What is expected:
Restate the records below word for word, and omit the images they hold.

● ● ● ● ● ● ●

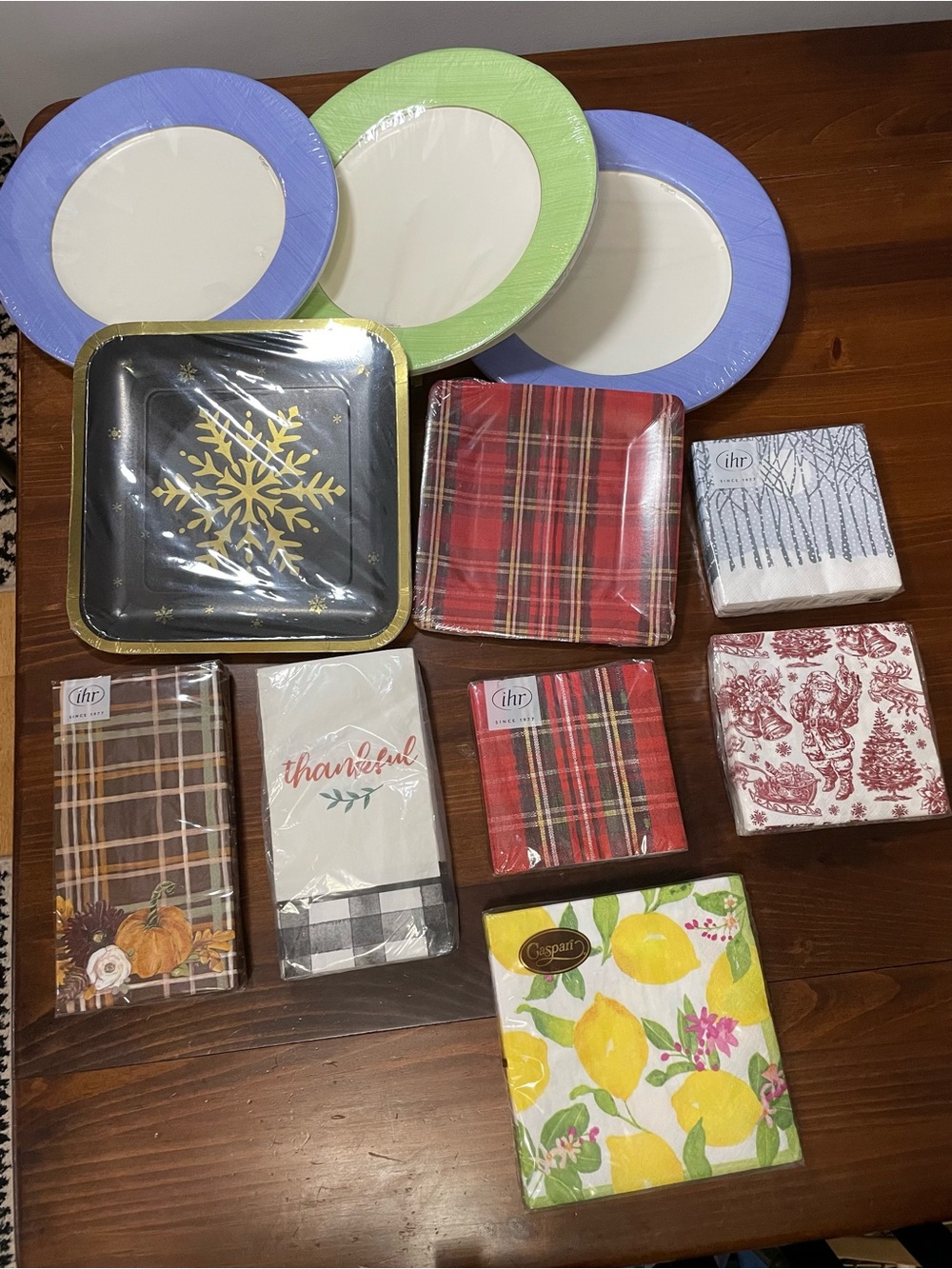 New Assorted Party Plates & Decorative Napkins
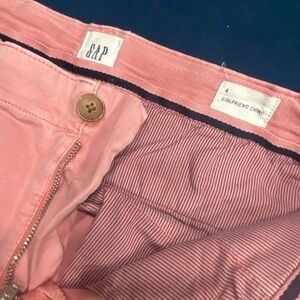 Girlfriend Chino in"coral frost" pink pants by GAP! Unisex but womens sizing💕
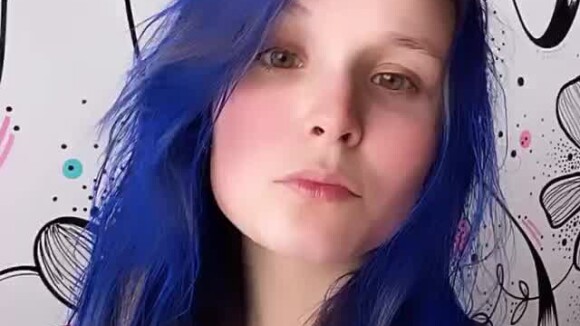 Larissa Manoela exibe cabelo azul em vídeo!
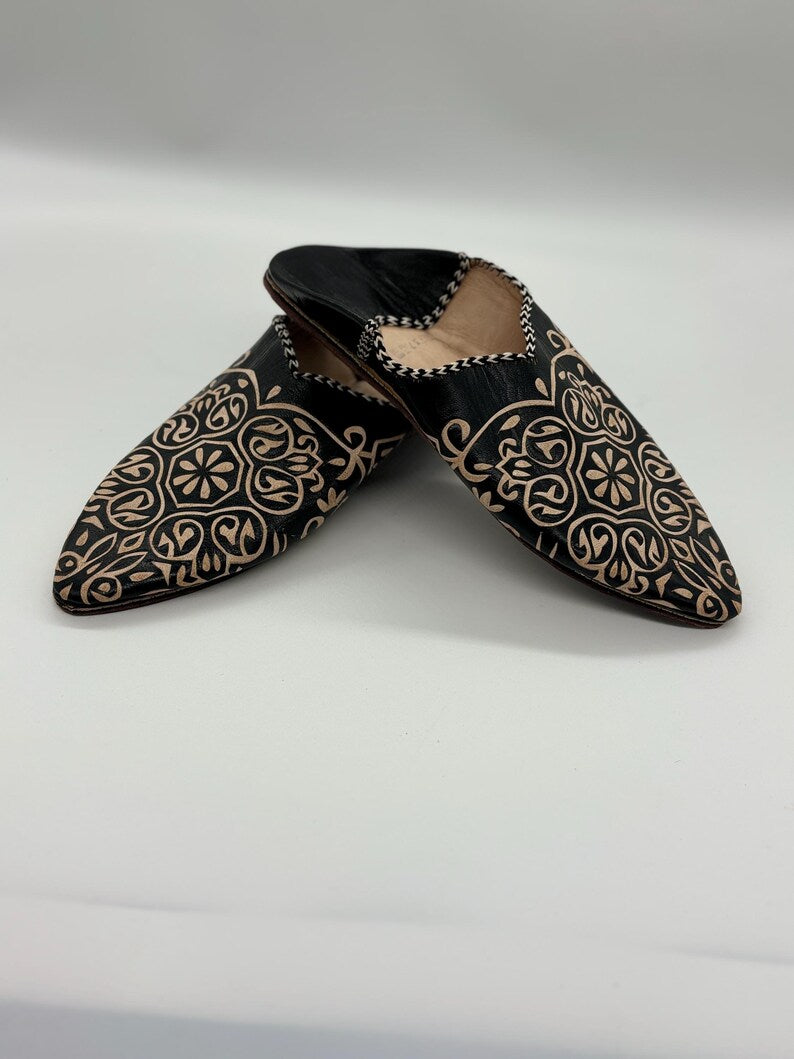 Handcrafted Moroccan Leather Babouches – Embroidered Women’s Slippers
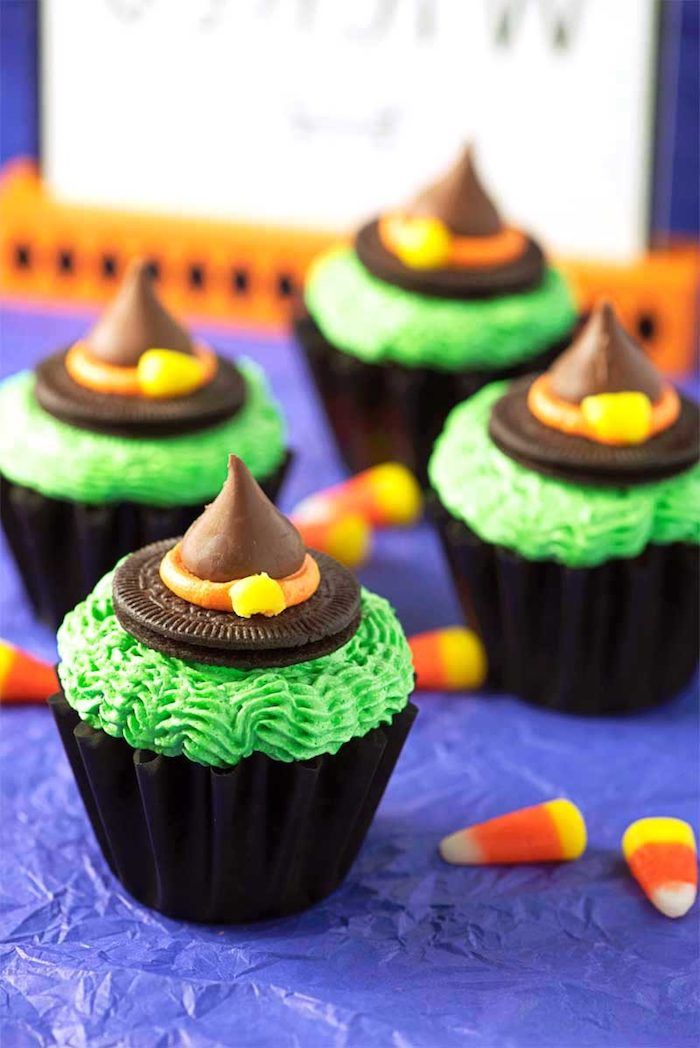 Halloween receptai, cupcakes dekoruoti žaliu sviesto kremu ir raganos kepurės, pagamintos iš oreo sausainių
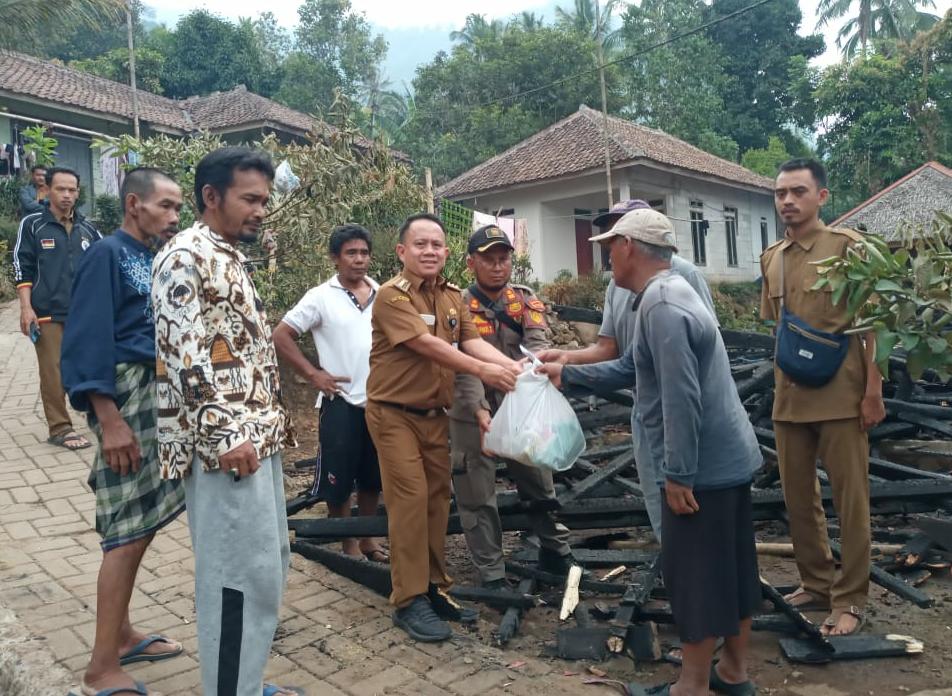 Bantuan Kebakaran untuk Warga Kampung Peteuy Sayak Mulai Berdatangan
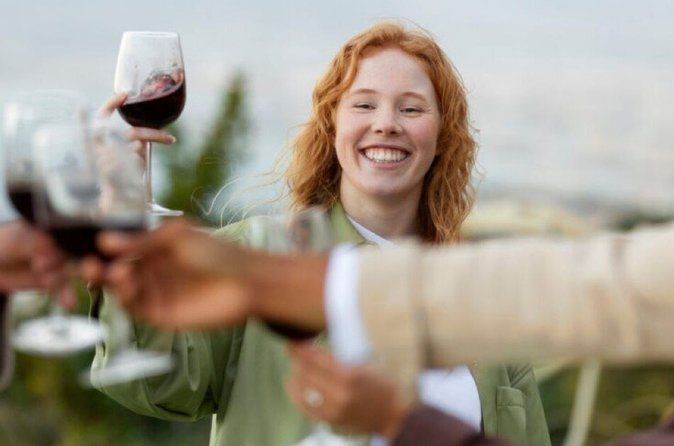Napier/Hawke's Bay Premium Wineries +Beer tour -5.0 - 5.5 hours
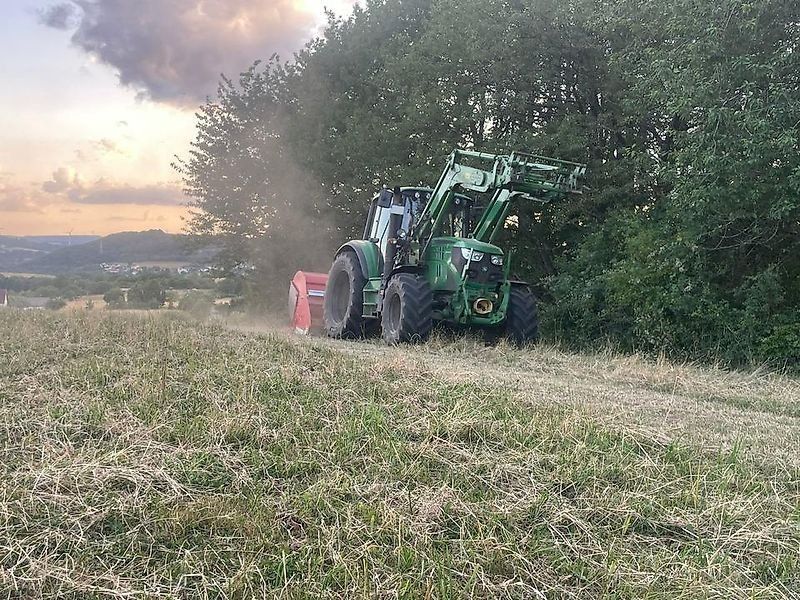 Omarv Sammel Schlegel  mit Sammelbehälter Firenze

● ● ● ● ● ● ●

Written response:
 New Assorted Party Plates & Decorative Napkins
 Girlfriend Chino in"coral frost" pink pants by GAP! Unisex but womens sizing💕
 Larissa Manoela exibe cabelo azul em vídeo!
 Handcrafted Moroccan Leather Babouches – Embroidered Women’s Slippers
 Halloween receptai, cupcakes dekoruoti žaliu sviesto kremu ir raganos kepurės, pagamintos iš oreo sausainių
 Bantuan Kebakaran untuk Warga Kampung Peteuy Sayak Mulai Berdatangan
Napier/Hawke's Bay Premium Wineries +Beer tour -5.0 - 5.5 hours
 Omarv Sammel Schlegel  mit Sammelbehälter Firenze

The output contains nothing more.